Most theories of mind-reading do assume that it is performed not by a general-purpose reasoning mechanism, which takes as premises a number of explicit hypotheses about the relationships between behaviour and mental states, but by a dedicated module. What is still open to debate is how this module exploits the regularities in intentional behaviour. According to the rationalisation (or ‘theory-theory’) account, the mind-reading module carries out a form of belief-desire reasoning which differs from the ‘folk-psychology’ of philosophers not so much in its logic as in the fact that it is modularised: that is, performed automatically, unconsciously, and so on. On this approach, mind-reading is a form of automatic inference to the best rationalisation of behaviour. It involves, in particular, the attribution to the agent of beliefs and desires that would make her observed behaviour rational given its actual or likely effects. Another possibility (proposed by the 'simulation theory') is that mind-reading succeeds by exploiting similarities between the interpreter and the agent whose behavior is being interpreted, and amounts to a form of simulation. However, while it is true that an utterance is a type of action, and a speaker's meaning is a type of intention, we want to argue that neither the rationalisation nor the simulation view of mind-reading adequately accounts for the hearer’s ability to retrieve the speaker's meaning.
According to the rationalisation account (e.g. Davies and Stone, 1995b; Carruthers and Smith, 1996), the procedure for inferring the intention behind an action should be as follows: first, decide what effect of the action the agent could have both predicted and desired; second, assume that this was the effect the agent intended to achieve. In most cases of utterance interpretation, this rationalisation procedure would not work, because the desired effect just is the recognition of the speaker’s intention. As we have seen, the gap between sentence meaning and speaker's meaning is so great (going well beyond the standard ambiguities normally considered in the literature) that there may be no way of listing the possible speaker's meanings without some advance knowledge – however sketchy – of what she might want to convey. Moreover, the range of possible speaker's meanings that the hearer is able to reconstruct may include several candidates that, to the best of his knowledge, the speaker might have wanted to convey. In other words, only a hearer with some advance knowledge of at least the gist of what the speaker might have wanted to convey would find it relatively easy to reconstruct the intention behind her utterance using a rationalisation procedure. But we often say or write things that our hearers or readers did not anticipate, and we have no particular reason to doubt that we will be understood. In such cases, the standard procedures for inferring intentions do not help with identifying the speaker's meaning. Unlike what happens in regular cases of intention attribution, hearers cannot first identify a desirable effect of the utterance, and then infer that the speaker’s intention was precisely to achieve this effect.

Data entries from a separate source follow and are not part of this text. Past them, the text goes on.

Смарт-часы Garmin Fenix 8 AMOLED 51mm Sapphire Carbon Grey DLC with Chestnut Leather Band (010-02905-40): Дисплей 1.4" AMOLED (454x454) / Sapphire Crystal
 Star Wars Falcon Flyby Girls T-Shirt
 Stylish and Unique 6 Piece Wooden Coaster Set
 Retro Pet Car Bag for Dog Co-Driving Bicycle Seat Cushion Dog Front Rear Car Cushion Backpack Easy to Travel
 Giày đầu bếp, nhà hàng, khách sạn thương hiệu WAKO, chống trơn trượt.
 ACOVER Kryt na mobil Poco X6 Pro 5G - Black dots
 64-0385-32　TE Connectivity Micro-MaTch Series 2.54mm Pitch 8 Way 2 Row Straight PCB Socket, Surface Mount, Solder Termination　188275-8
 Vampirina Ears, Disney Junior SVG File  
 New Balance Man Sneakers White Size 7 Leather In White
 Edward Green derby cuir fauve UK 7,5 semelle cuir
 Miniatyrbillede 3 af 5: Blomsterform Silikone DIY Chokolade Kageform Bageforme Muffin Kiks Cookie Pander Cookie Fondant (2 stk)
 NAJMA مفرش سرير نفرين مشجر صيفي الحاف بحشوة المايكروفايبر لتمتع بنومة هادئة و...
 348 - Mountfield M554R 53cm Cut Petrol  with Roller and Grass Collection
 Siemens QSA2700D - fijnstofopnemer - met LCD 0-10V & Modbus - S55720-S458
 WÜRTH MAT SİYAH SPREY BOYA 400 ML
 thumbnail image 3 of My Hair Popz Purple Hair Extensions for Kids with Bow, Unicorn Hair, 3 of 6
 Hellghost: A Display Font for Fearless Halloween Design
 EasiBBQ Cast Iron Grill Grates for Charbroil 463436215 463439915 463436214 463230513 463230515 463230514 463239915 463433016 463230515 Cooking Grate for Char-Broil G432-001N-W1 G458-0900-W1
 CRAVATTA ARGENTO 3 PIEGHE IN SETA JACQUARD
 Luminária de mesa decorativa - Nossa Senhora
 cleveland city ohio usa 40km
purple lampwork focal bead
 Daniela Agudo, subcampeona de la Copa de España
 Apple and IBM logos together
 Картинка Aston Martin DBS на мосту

According to the simulation account (e.g. Davies and Stone, 1995a), we attribute intentions by imaginatively simulating the action we are interpreting, thus discovering in ourselves the intention that underlies it. As an account of comprehension, this is not too promising either. Since the same sentence can be used to convey quite different meanings in different situations, a hearer who is simulating the speaker's linguistic action in order to retrieve her meaning must provide a considerable amount of contextualisation, based on particular hypotheses about the speaker's beliefs, preferences, and so on. Again, this would only work in cases where the hearer already has a fairly good idea of what the speaker is likely to mean. On this approach, the routine communication of genuinely unanticipated contents would be difficult or impossible to explain.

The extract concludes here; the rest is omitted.